It’s the numbers that are the biggest challenge. The Heritage Council website and delightful booklet both specify, in relation to visits during this eight-day week, that booking in advance is essential, a specification that might work in England, but in Ireland never does. On Friday, I found myself facing sixteen people. I invited those who had booked to raise their hands, which they did with some pride.
“OK,” I said, pointing to the others. “How did you lot get in?” “We saw people going in the farm gate,” was the swift answer, “and we thought something interesting might be going on, so we joined them.” Only in Ireland...
I would have come the heavy and booted them back out the farm gate, except for the fact that they had all cleverly bonded with the booked people and were already swapping email addresses, so the ones who had gone to the trouble of booking interceded and we ended up with an exceptionally large tour.
Now, Martello towers are not that old, compared to Norman castles and pre-historic mounds. They’re also squat and ugly. Plus, they were all built on bits of land protruding into the sea, which means that, on a bad weather day, offering an umbrella to those about to go on the roof is a contradiction in terms and might get them airborne, which would not be good, seeing as how we’re on the flight path from Dublin airport, and whatever about drones getting in the way of passenger jets, a Heritage Week visitor making like Mary Poppins might be a tad dangerous to all concerned.

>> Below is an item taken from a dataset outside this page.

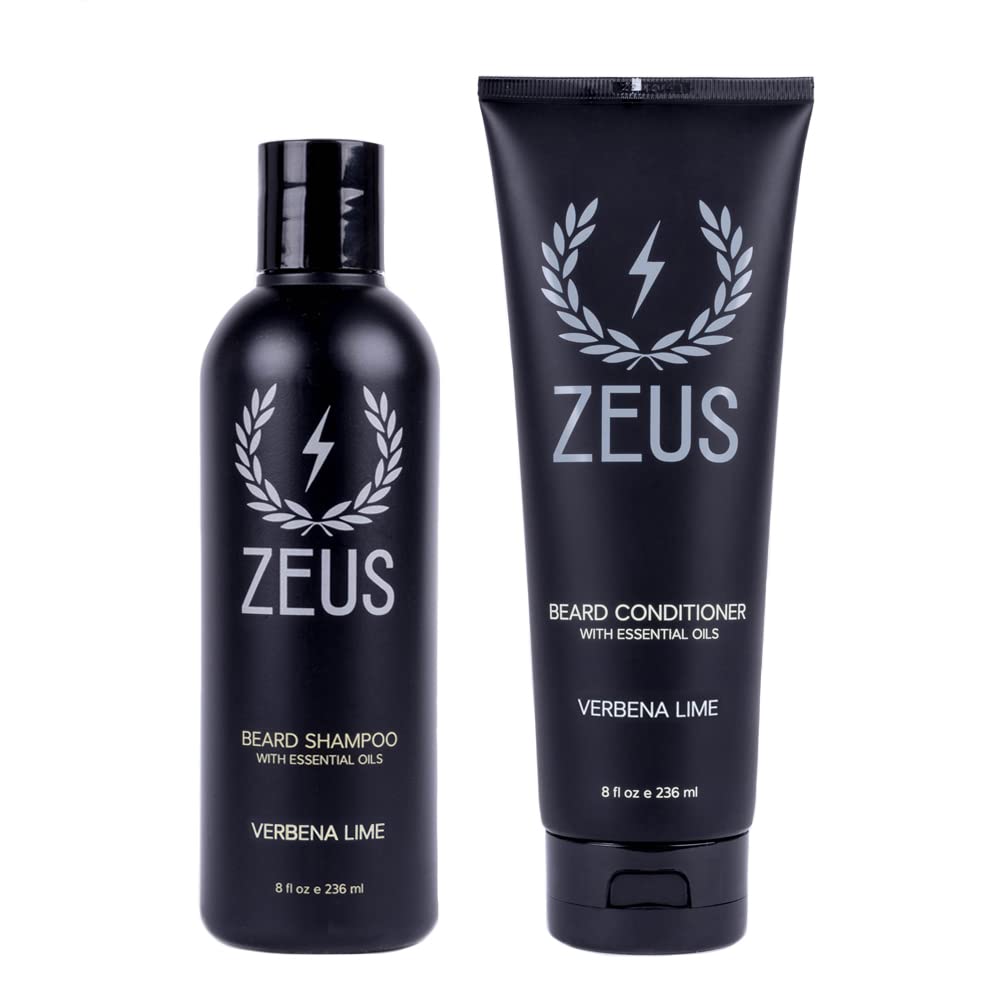 ZEUS Beard Wash & Beard Conditioner Set with Green Tea for Men, Soften, Hydrates & Moisturizes - MADE IN USA (Verbena Lime)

The reason most visitors give for pitching up at North Tower Number 7, which is ours, is that they spent summer holidays in Portrane or Rush or Donabate, as children, were fascinated by the structure looming over Tower Bay, and always wanted to see inside it but never could. One woman, last week, came three times with three different groups. One ten-year-old came first with her parents and then dragged her grandparents along for a second tour.
The children love the spiral staircases and the descriptions of why they were built that way (so right-handed swordsmen on the second-floor would have the advantage over invaders coming up the stairs, who would be forced to fight using their left hands.)
The grandparents hate the spiral staircases. The majority of them still get to the roof, but the ones with new knees have too much respect for their prostheses to risk them.
So, while Bryan, our friend and Martello expert, takes the others to the roof, the new-knee brigade ask me more questions down stairs. My favourite, last week, came up a number of times.
“Where do you actually live?”
The first time I was asked it, I was thrown, since the questioner had, along with several hundred others, gone through our bedroom to see the view from my side of the bed.
Then, I realised they thought we just visited during the summer. ‘Uh uh’, I explained. This is our home. All year round. We may be the first inhabitants, other than the invalided soldiers barracked here in the early 19th century, to have lived in the tower through the winter.
“Aren’t you great, all the same?” one visitor murmured, clearly imagining me and the man in my life out on the foreshore battling the incoming storms.
Those storms are spectacular, and living in a Martello gives a great view of them, but it also provides maximum protection from them, while permitting the tower walls to leak like colanders.